### TASK
Please restate each entry word for word and leave the pictures out.

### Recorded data
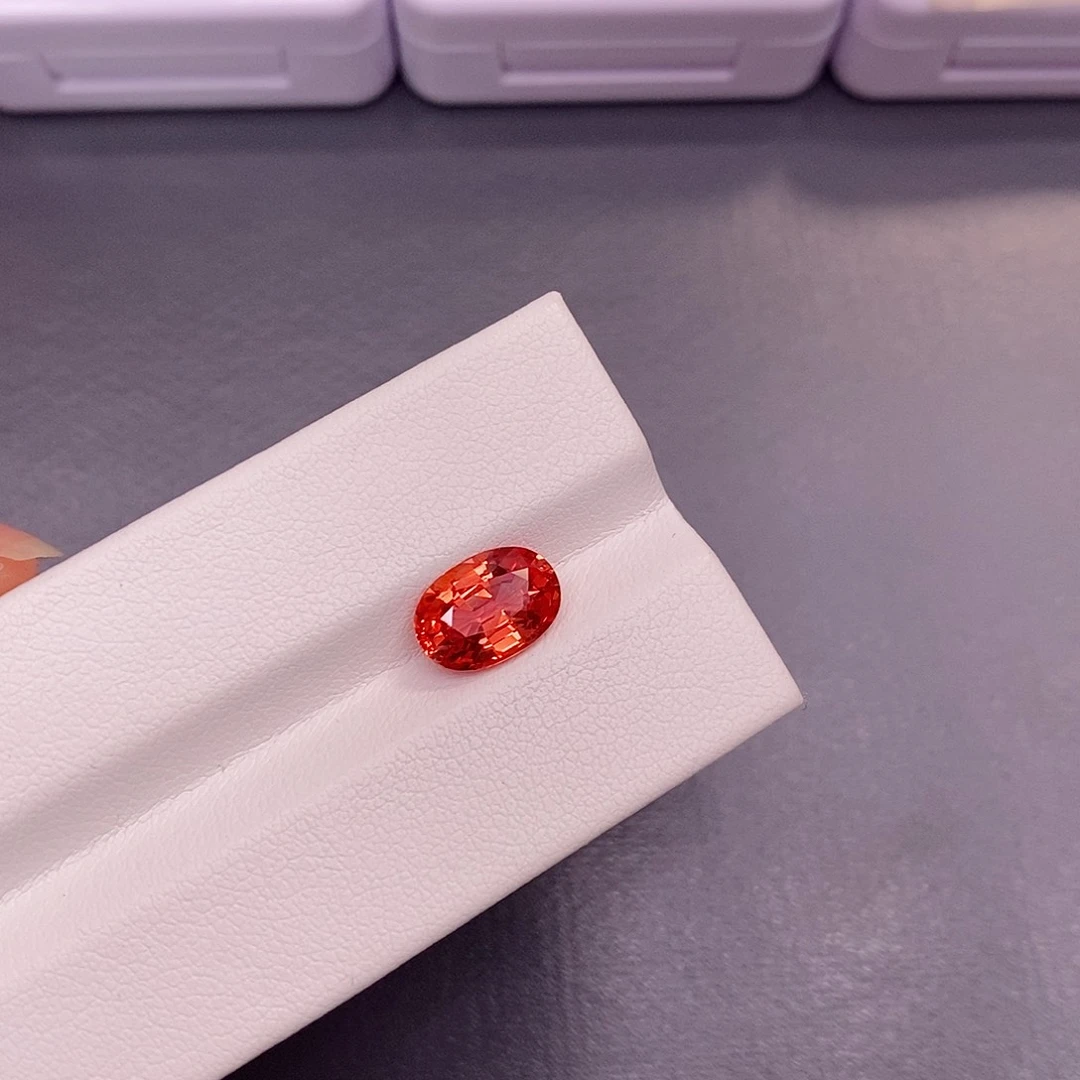 裸石蓝宝石2.52克拉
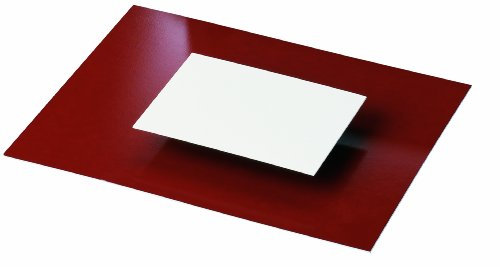 Leica 723385 GZM26 Zieltafel für Laser, A4, 210 x 297 mm, Weiß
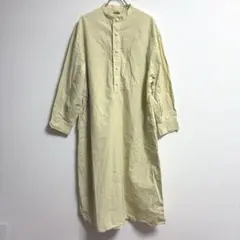 ✨綿100%✨ フィグロンドン 【F】 ワンピース シャツ 大人カジュアル ラフ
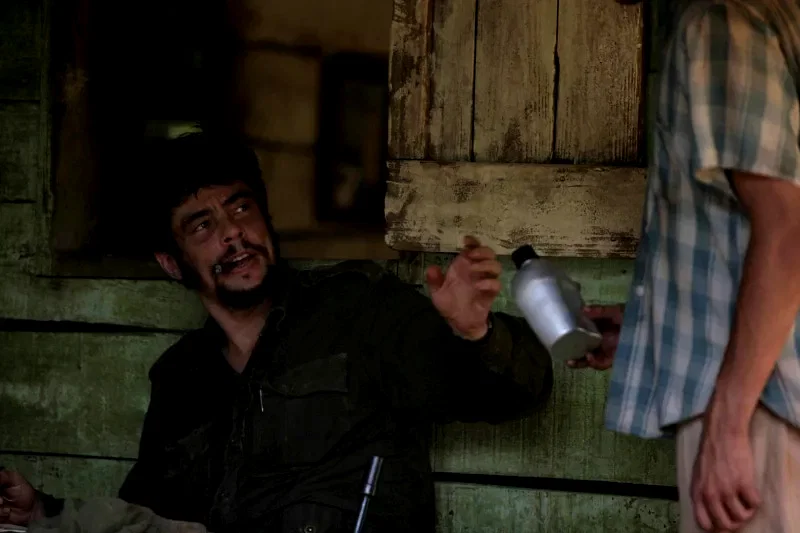 Photo 15 du film : Che - L'Argentin (1ère partie)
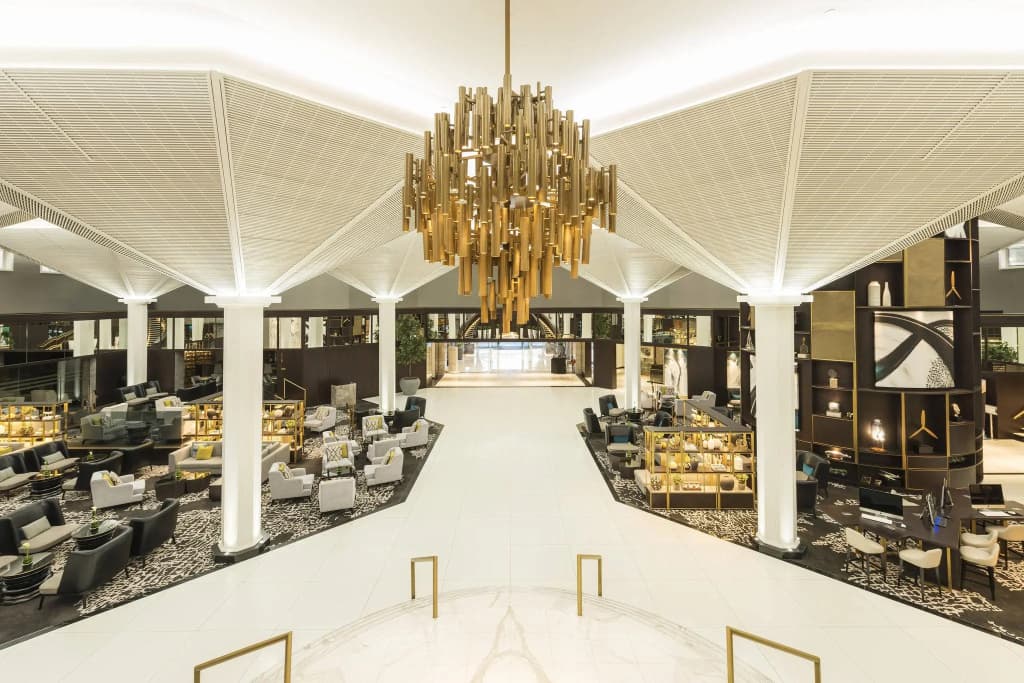Le Meridien Dubai Hotel & Conference Centre - photo 21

### ANSWER TO THIS PROBLEM
 裸石蓝宝石2.52克拉
 Leica 723385 GZM26 Zieltafel für Laser, A4, 210 x 297 mm, Weiß
 ✨綿100%✨ フィグロンドン 【F】 ワンピース シャツ 大人カジュアル ラフ
 Photo 15 du film : Che - L'Argentin (1ère partie)
Le Meridien Dubai Hotel & Conference Centre - photo 21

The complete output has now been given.